• [DIRECTIONS FOR THIS TASK] Set down the data again exactly. Pictures are not part of the copy.

• [INPUT DATA]
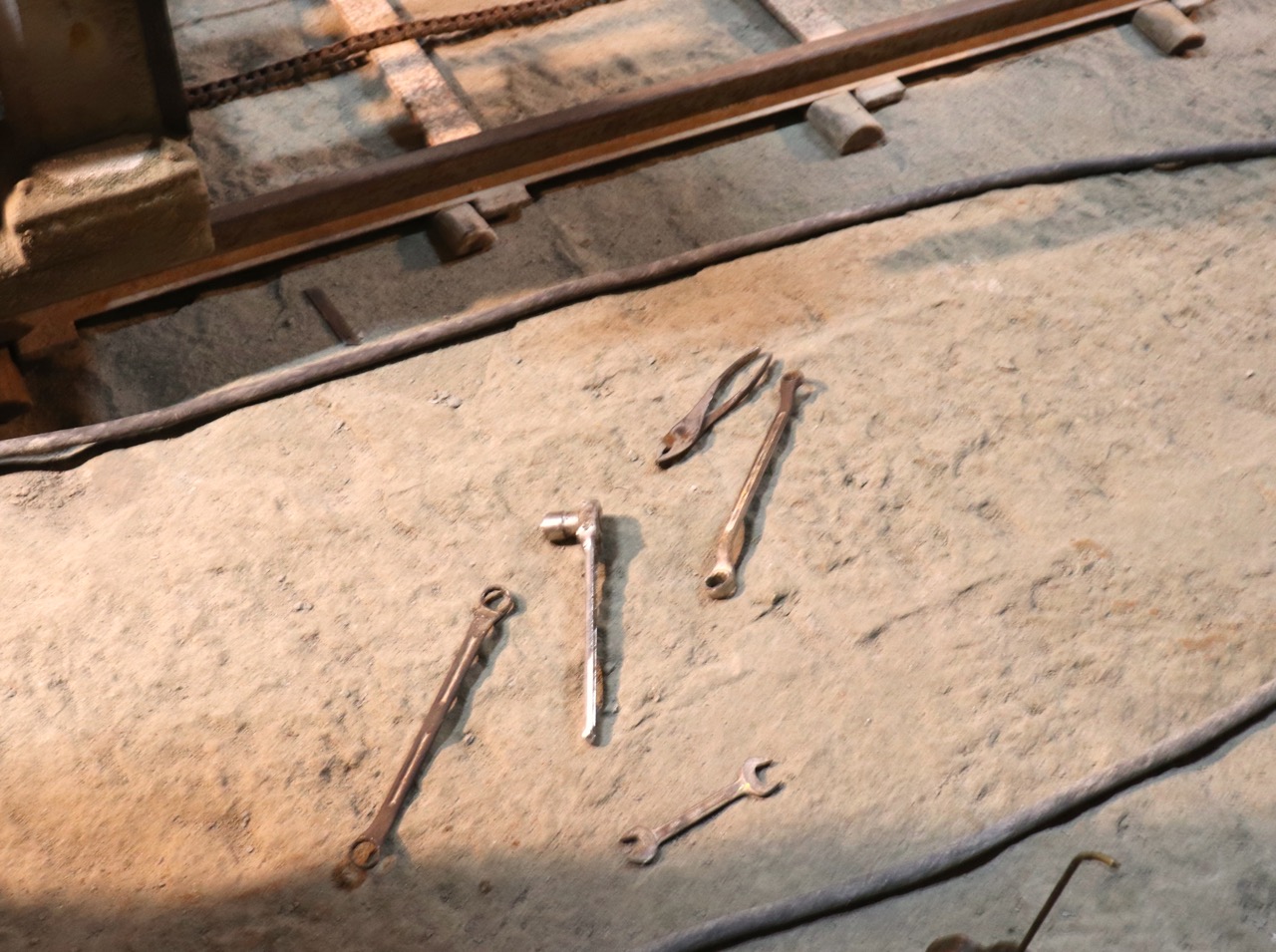 石を採掘する道具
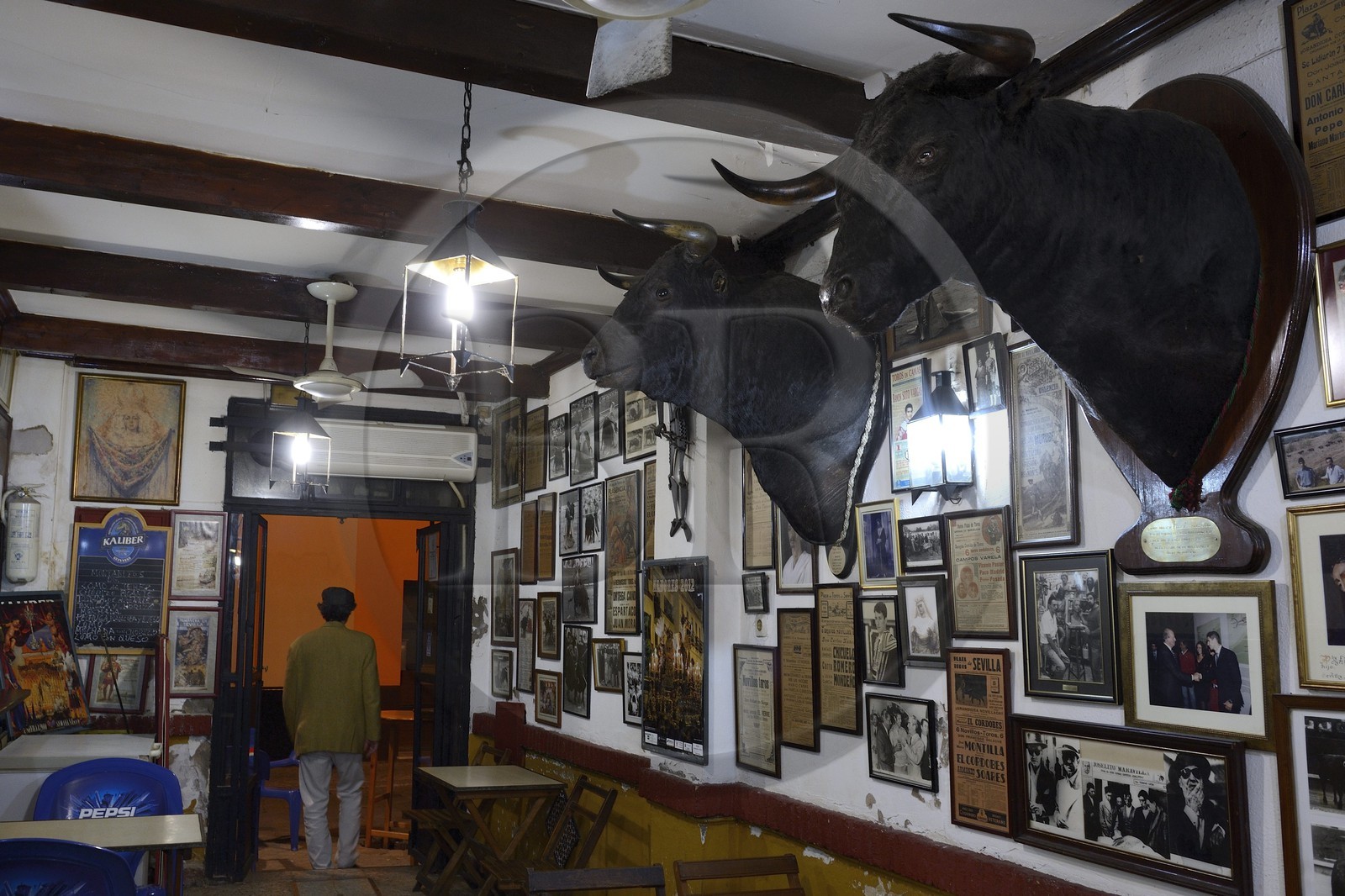 Espagne, Andalousie, Séville, bar à Tapas Bodegon Hermanos Nunez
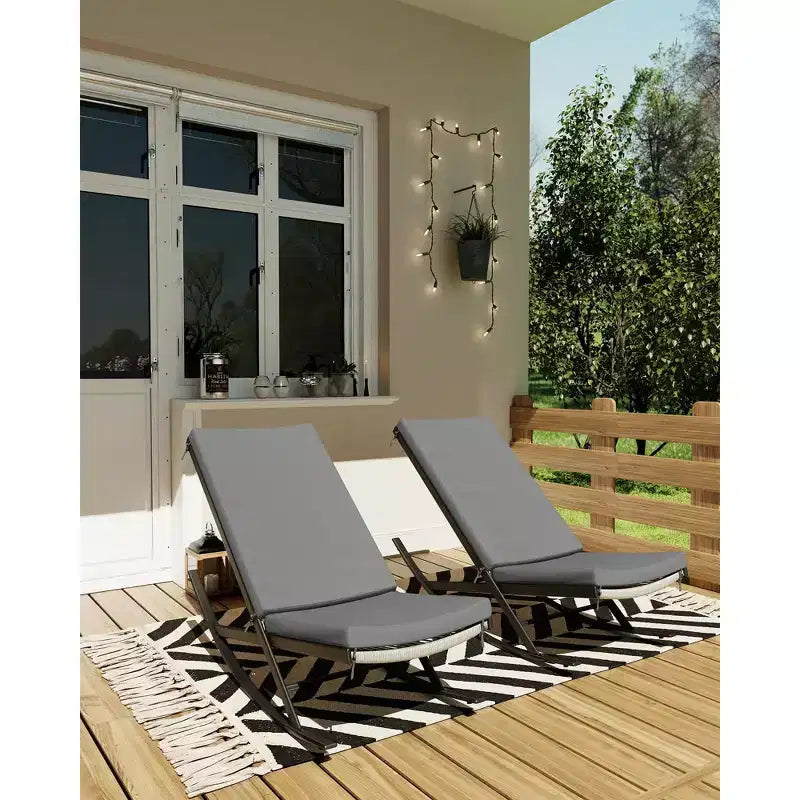Set di 2 sedie a dondolo da esterno per patio, sedie a dondolo per esterni, poltrona a dondolo in rattan per esterni con cuscini per portico anteriore, giardino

• [EXERCISE SOLUTION]
 石を採掘する道具
 Espagne, Andalousie, Séville, bar à Tapas Bodegon Hermanos Nunez
Set di 2 sedie a dondolo da esterno per patio, sedie a dondolo per esterni, poltrona a dondolo in rattan per esterni con cuscini per portico anteriore, giardino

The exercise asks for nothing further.